Btrfs, scrub: repair the common data on RAID5/6 if it is corrupted

This patch implement the RAID5/6 common data repair function, the implementation is similar to the scrub on the other RAID such as RAID1, the differentia is that we don't read the data from the mirror, we use the data repair function of RAID5/6. Signed-off-by: Miao Xie <miaox@cn.fujitsu.com>
author: Miao Xie <miaox@cn.fujitsu.com> 2014-10-23 14:42:50 +0800
committer: Miao Xie <miaox@cn.fujitsu.com> 2014-12-03 10:18:45 +0800
commit: af8e2d1df9848b39dd86b1e696bf8781d2020a88 (patch)
tree: 0abf72105056f1c5fe7038c37f4c5d63ea29c875
parent: b89e1b012c7f81123344058d5f245b844464d30c (diff)
download: op-kernel-dev-af8e2d1df9848b39dd86b1e696bf8781d2020a88.zip
op-kernel-dev-af8e2d1df9848b39dd86b1e696bf8781d2020a88.tar.gz
5 files changed, 235 insertions, 33 deletions
diff --git a/fs/btrfs/raid56.c b/fs/btrfs/raid56.c
index c54b0e6..95053a9 100644
--- a/fs/btrfs/raid56.c
+++ b/fs/btrfs/raid56.c
@@ -58,6 +58,15 @@
  */
 #define RBIO_CACHE_READY_BIT	3
 
+/*
+ * bbio and raid_map is managed by the caller, so we shouldn't free
+ * them here.

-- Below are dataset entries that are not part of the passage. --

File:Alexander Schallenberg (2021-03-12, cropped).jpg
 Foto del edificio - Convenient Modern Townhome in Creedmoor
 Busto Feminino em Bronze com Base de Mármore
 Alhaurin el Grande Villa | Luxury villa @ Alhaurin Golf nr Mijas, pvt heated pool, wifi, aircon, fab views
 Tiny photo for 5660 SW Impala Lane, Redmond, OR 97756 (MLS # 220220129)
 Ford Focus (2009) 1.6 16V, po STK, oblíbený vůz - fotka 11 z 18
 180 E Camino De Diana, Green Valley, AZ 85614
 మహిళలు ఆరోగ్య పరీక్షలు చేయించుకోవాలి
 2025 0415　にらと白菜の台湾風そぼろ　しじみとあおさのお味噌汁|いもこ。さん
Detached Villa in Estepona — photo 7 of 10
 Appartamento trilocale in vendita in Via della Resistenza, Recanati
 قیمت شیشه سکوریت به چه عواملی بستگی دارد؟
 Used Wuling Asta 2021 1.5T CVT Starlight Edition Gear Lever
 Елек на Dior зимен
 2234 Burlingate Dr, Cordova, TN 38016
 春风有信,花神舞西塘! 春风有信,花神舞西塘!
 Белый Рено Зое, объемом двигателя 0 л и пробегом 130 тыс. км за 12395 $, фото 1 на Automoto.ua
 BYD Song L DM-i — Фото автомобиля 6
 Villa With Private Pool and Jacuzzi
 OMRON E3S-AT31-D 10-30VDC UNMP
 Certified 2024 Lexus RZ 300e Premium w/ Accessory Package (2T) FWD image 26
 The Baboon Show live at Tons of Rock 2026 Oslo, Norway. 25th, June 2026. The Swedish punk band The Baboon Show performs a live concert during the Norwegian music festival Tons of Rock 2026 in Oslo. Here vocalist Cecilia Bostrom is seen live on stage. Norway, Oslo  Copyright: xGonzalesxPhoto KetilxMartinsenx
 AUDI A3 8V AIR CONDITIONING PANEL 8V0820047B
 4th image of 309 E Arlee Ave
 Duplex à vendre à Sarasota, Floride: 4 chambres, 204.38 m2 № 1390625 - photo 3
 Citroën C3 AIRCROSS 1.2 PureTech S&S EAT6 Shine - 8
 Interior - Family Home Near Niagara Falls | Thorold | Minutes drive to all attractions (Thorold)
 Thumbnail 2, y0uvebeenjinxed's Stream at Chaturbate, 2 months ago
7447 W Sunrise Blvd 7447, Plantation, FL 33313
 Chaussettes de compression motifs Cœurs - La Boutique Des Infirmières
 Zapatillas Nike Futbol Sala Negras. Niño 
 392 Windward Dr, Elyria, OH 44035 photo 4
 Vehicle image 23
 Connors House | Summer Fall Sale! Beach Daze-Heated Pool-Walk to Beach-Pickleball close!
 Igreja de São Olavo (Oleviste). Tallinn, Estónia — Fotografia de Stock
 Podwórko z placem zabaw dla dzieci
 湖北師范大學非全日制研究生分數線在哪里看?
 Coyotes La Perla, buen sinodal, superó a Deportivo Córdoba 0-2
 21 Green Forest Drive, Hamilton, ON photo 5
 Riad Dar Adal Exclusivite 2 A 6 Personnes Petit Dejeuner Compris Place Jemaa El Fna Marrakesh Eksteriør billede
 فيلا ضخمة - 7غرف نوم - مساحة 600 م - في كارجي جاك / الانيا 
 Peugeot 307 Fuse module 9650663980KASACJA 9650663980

And besides that, all rbios with this flag should not
+ * be cached, because we need raid_map to check the rbios' stripe
+ * is the same or not, but it is very likely that the caller has
+ * free raid_map, so don't cache those rbios.
+ */
+#define RBIO_HOLD_BBIO_MAP_BIT	4
+
 #define RBIO_CACHE_SIZE 1024
 
 struct btrfs_raid_bio {
@@ -799,6 +808,21 @@ done_nolock:
 		remove_rbio_from_cache(rbio);
 }
 
+static inline void
+__free_bbio_and_raid_map(struct btrfs_bio *bbio, u64 *raid_map, int need)
+{
+	if (need) {
+		kfree(raid_map);
+		kfree(bbio);
+	}
+}
+
+static inline void free_bbio_and_raid_map(struct btrfs_raid_bio *rbio)
+{
+	__free_bbio_and_raid_map(rbio->bbio, rbio->raid_map,
+			!test_bit(RBIO_HOLD_BBIO_MAP_BIT, &rbio->flags));
+}
+
 static void __free_raid_bio(struct btrfs_raid_bio *rbio)
 {
 	int i;
@@ -817,8 +841,9 @@ static void __free_raid_bio(struct btrfs_raid_bio *rbio)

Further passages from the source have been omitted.